Both cars have been upgraded to Delco ignitions, the '90 after it began chuggling a bit on inclines.

This is the secret to MPG - turn the engine as slow as reasonable. In the bad old daze the 400 in my station wagon was turning 3200 rpm at 70 and that was with the economy (3.0 axle. At cruise most of the gas was going to pump air through the engine and accellerate the pistons.

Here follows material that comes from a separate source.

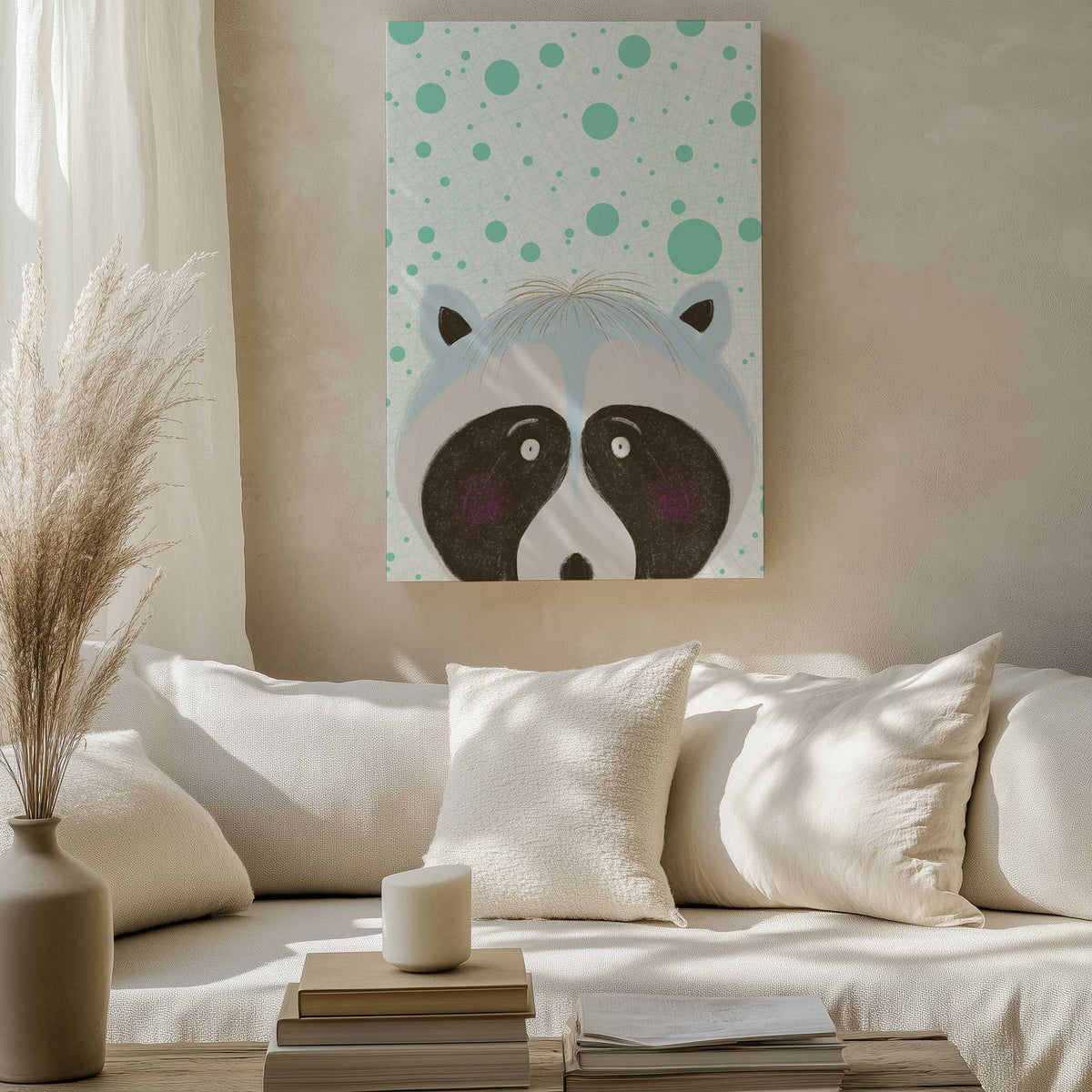 Picture of art in a room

Waaay back when we had the first "gas crisis" I got a '67 327 Camaro close to 25 mpg at 70 with very tall (28") rear tires, a 3.31 gear/Muncie trans (no torque converter loss) and mechanical FI. Was an experiment but possible. Today our cars have smaller air pumps, better aerodynamics, and much more control.

Now if all of you driving is stop and go city, 16 mpg is not unusual but even our 3800 TranSport gets 22-23 mpg on a 9 hour 600 mile run (one gas stop and one rest stop) .

Don't forget there was a National Speed Limit in the US of 55 mph when our cars were designed and built, no wonder they perform best in the 50-65 mph region and not to shabby aeven above that.

And if really low RPM is your goal, don't forget that one of the fastest steamboats on the Mississippi, the Robert E. Lee, developed 15 hp at 44 rpm.